According to the Labor Department, the consumer price index (CPI) in August increased 5.3% from a year earlier and 0.3% from July, which was less than expected, signaling that inflation may be starting to cool. Furthermore, during the Federal Reserve’s recent, annual Jackson Hole economic symposium, Fed Chair Jerome Powell reiterated that high inflation is “temporary.” The economy’s management of inflation should boost the performance of the consumer discretionary sector.
Yum! Brands, Inc. (YUM)
Famous fast-food company YUM, which is based in Louisville, Ky., has more than 50,000 restaurants across more than 150 countries and territories. The company operates through four segments: the KFC Division, the Pizza Hut Division; the Taco Bell Division; and the Habit Burger Grill Division.

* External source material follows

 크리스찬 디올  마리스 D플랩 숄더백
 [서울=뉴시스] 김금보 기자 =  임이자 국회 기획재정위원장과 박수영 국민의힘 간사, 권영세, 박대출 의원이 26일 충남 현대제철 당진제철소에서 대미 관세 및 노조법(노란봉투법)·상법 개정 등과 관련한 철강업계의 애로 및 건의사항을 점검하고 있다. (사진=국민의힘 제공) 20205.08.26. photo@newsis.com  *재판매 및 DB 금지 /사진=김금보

YUM acquired Dragontail Systems Limited on September 7. It is an innovative provider of technology solutions for the food industry. The acquisition is expected to help strengthen YUM’s global order management and delivery capabilities.
The company’s sales surged 34% year-over-year to $1.60 billion for the second quarter, ended June 30, 2021. YUM’s operating profit grew 89% year-over-year to $567 million, while its net income came in at $391 million, representing an 89% year-over-year increase. Its EPS was $1.29, up 91% year-over-year.
Analysts expect YUM’s EPS and revenue to increase 25.1% and 16.4%, respectively, year-over-year to $4.53 and $6.58 billion in its fiscal year 2021. In addition, it surpassed the Street’s EPS estimates in each of the trailing four quarters. The stock has gained 39.9% in price over the past year to close yesterday’s trading session at $129.05.
YUM’s POWR Ratings reflect solid prospects. The company has an overall B rating, which translates to a Buy in our proprietary rating system. The POWR Ratings assess stocks by 118 different factors, each with its own weighting.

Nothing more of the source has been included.